In the calibration process, the difference between particular information criteria values becomes larger with an increasing number of parameters. The most penalizing criterion is the BIC followed by AICc and AIC. At the same time, the overall model fit with observation improves. Within prediction performance, a near constant accuracy of the V2, V3, and V4 models was recorded. This can be an indication of unproper K zonation, which does not represent the real K distribution with a near-constant structural error effect.
4. Discussion
Larger numbers of zones may lead to a better calibration fit with observation, but too many zones may lead to poor parameter estimation [
32]. This also corresponds to the claim of [
33] that no matter which regularization methodology is employed (e.g. zonation), the inevitable consequence of its use is a loss of detail in the calibrated field. This, in turn, can lead to erroneous predictions made by a model that is ‘‘well-calibrated’’. Additionally, the “unknown unknowns” in addition to the “known unknowns” always exist, which deteriorate the prediction accuracy [
34]. Ref. [
35], seeking different model conceptualizations within the Generalized Likelihood Uncertainty Estimation—Bayesian Model Averaging methods (GLUE—MBA), considered any spatial distribution (zonation) of a hydraulic conductivity field obtained through proper calibration as a valid representation of the K field. Since modelers usually know almost nothing about the exact distribution of K, this approach can then be assumed relevant. Ref. [
36] claimed that with the increase in extrapolation, conceptual uncertainty also increases. The author of [
37] in [
38] demonstrated that the values estimated for lumped parameters can only be interpreted as the outcomes of a user-specified averaging process of pertinent system properties. The lumping of parameters (e.g., replacement of a continuous property field by a small number of zones of piecewise properties) introduces a structural error [
38]. From the K-zonation point of view, the more K zones, the closer the resemblance to a continuum and a better calibration and prediction accuracy can be expected. In the current study, the overall calibration fit and real prediction accuracy are consistent with this conclusion.

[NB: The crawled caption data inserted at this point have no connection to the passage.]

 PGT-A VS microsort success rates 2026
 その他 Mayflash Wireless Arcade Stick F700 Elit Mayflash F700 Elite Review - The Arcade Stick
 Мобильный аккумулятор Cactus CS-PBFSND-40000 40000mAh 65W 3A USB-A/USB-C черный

The imperfection in the presented models may also be due to the temporal structure (measurement frequency) of the observation data and boundary condition data with average values for the calibration period, as well as the various frequencies of GW head measurement for various parts of the model area and lack of detailed information in the RCH and EVT distribution. Moreover, the spatial distribution of head observation points is far from uniform.
In [
13], where the horizontal K was zonally calibrated, the information criterion BIC selected the simplest scenario as the best. This result also corresponds with our results. Ref. [
14] found that the values of the AICc, BIC, and GCV statistics suggest that only the homogeneous model is clearly inferior, revealing that variations in K are important. Ref. [
15] performed zonal calibration of K in which the most complex scenario had the best fit to observation data in the calibration stage. The AIC, AICc, and BIC criteria selected the simplest model as the most probable. These results also correspond with our findings.

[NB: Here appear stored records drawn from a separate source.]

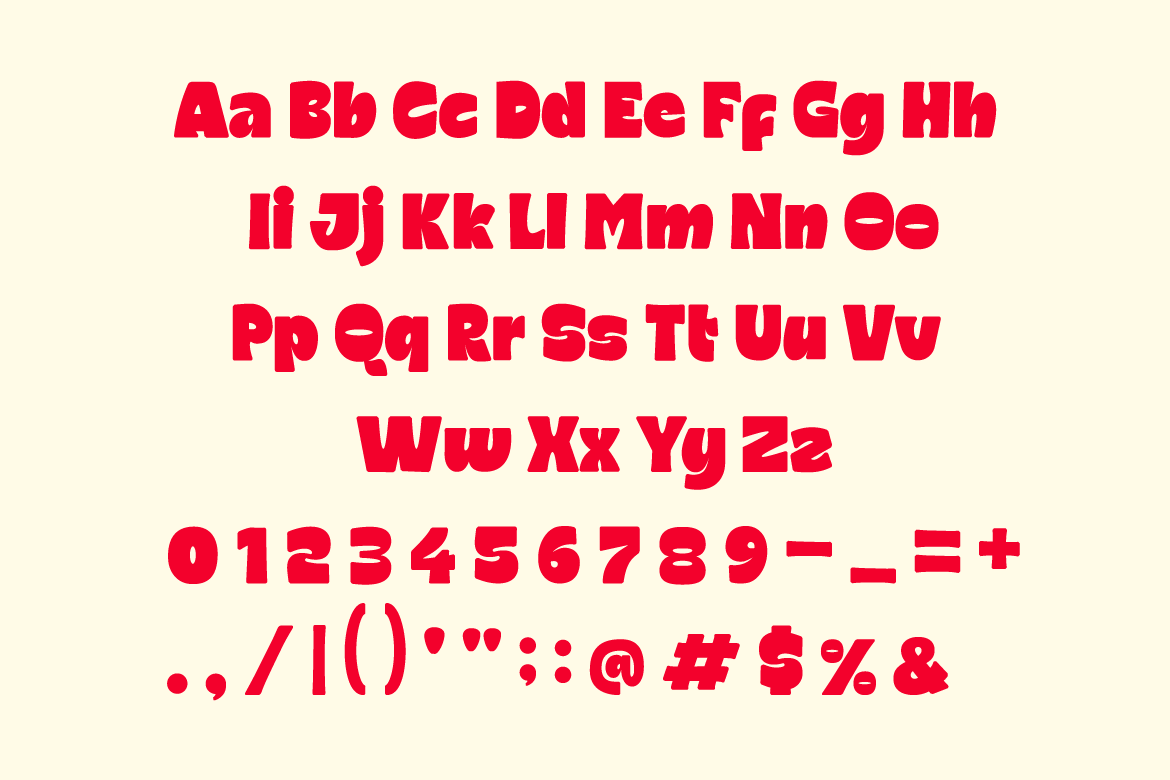 Mochilo Food Playful Font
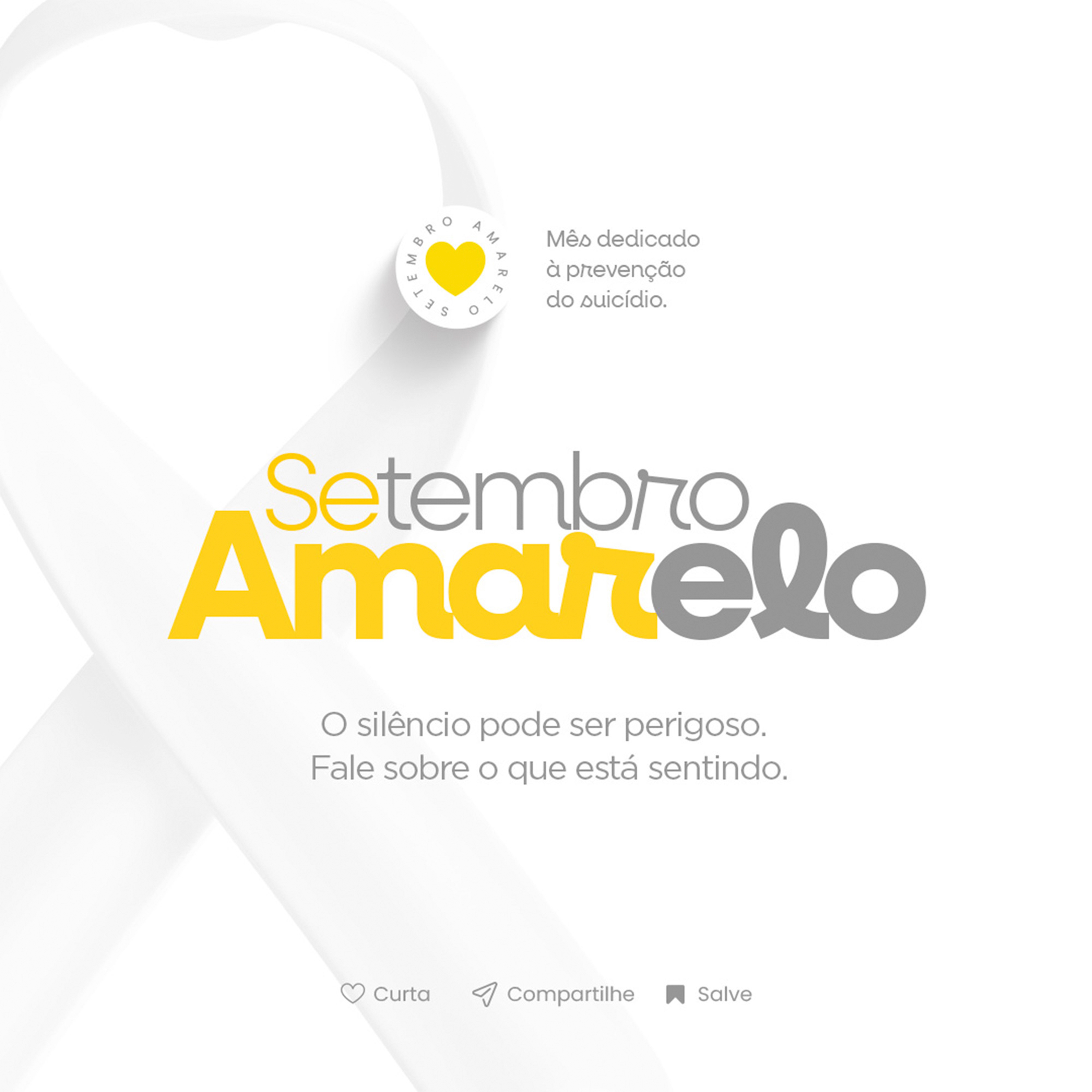 Setembro Amarelo o Silêncio Pode ser Perigoso Social Media PSD Editavel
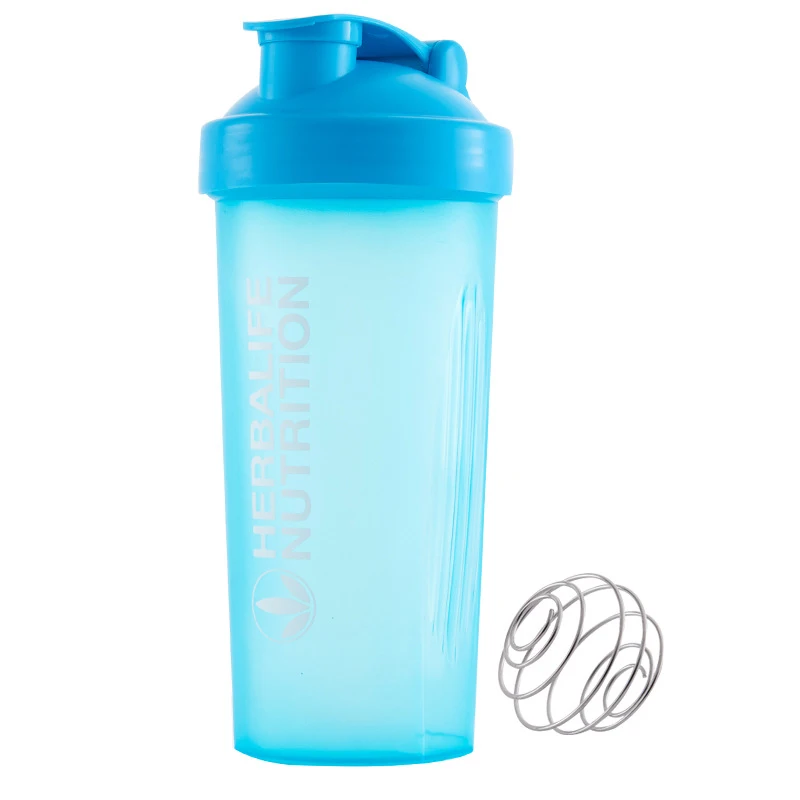 New 400ml 500ml Portable Herbalife Nutrtion transparent bicycle Leak-proof Sports Unbreakable Plastic Water Bottle Wholesales - Color: 600ml 2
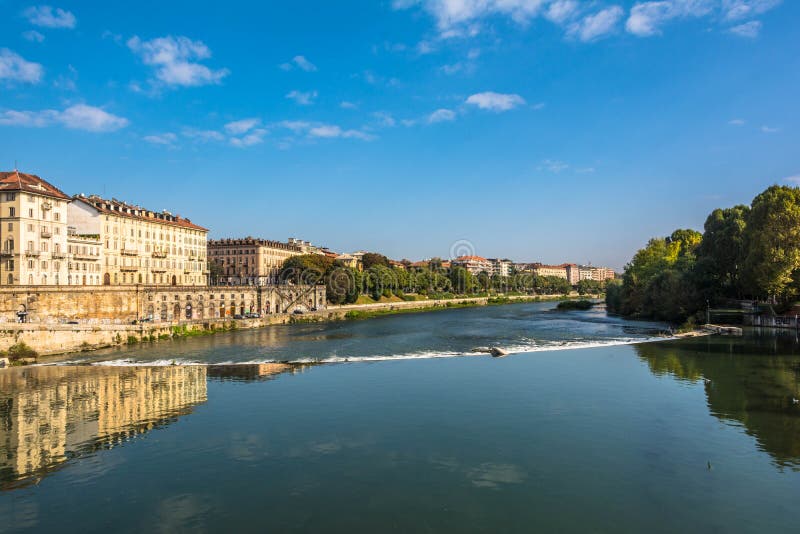 Река по италия фото Reflection in the Po River, Turin, Italy Stock Photo - Image of bridge, riversid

The simplest scenario in the presented work can be considered (based on the post-audit of prediction accuracy results) as the oversimplification example. This statement is similar to the conclusion of [
20] that neither very simple nor very complex models are likely to provide the most accurate predictions. However, no increased level of complexity that leads to worse prediction accuracy was found in the presented work. Starting from the V2 variant stage, the build-up of more complex models (V3, V4) resulted in a better fit in calibration but, at the same time, to almost zero improvement in prediction accuracy; thus, from a practical point of view, it can be seen as a meaningless effort.

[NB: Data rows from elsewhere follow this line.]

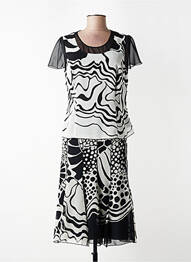 Ensemble jupe coupe cintrée noir FRANCE RIVOIRE femme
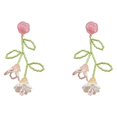 thumbnail image 1 of Pendientes de flores con cuentas hechos a mano, Kit de Material de accesorios, accesorios de flores de cristal de verano, pendientes colgantes, 1 of 5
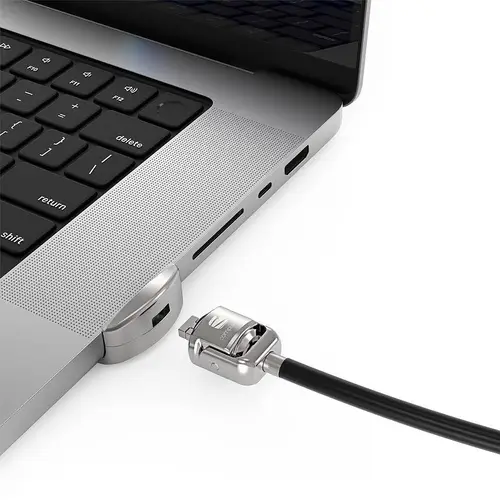 MBPR16LDG02KL cable antirrobo Negro, Plata - Imagen 2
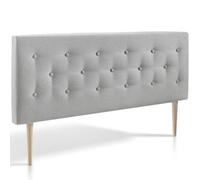 Marckonfort – Tête de lit Oslo – 160 cm – capitonnée – tissu gris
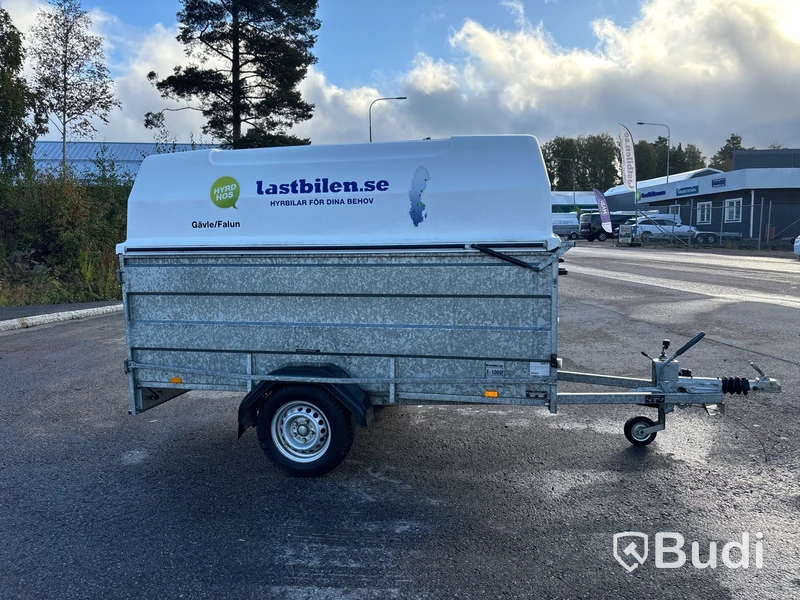 Bromsad släpvagn med kåpa Brenderup LV1000 - 2022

The principal contribution of the presented study is the given picture of the parametrization influence on calibration fit and on the real prediction accuracy of the models at the study site. Since the hydrogeological measurements have been continually performed at this site for decades, the presented procedure of model prediction accuracy assessment can be repeated for various calibration and prediction time periods to verify or widen the presented results and to obtain more general views. The broader or more specifically focused investigation findings can lead to savings in parametrization efforts within new models and to better future optimization. Especially interesting would be the comparison of the resulting catchment areas of the pumping wells or the whole GWHP system between individual model scenarios and the field measurements. These analyses are crucial for predicting the impact of possible changes (for example, new pumping wells or different pumping rates at existing wells) in GWHP system operation with the resulting system optimization.
5. Conclusions
In this study performed at the Slovnaft site close to Bratislava in southwestern Slovakia contaminated by petroleum products, the calibration fit and prediction accuracy of four model variants with gradually increasing parametrization from the V1 to V4 models were evaluated in the post-audit procedure. The principal factor considered in parametrization was the complexity of K zonation.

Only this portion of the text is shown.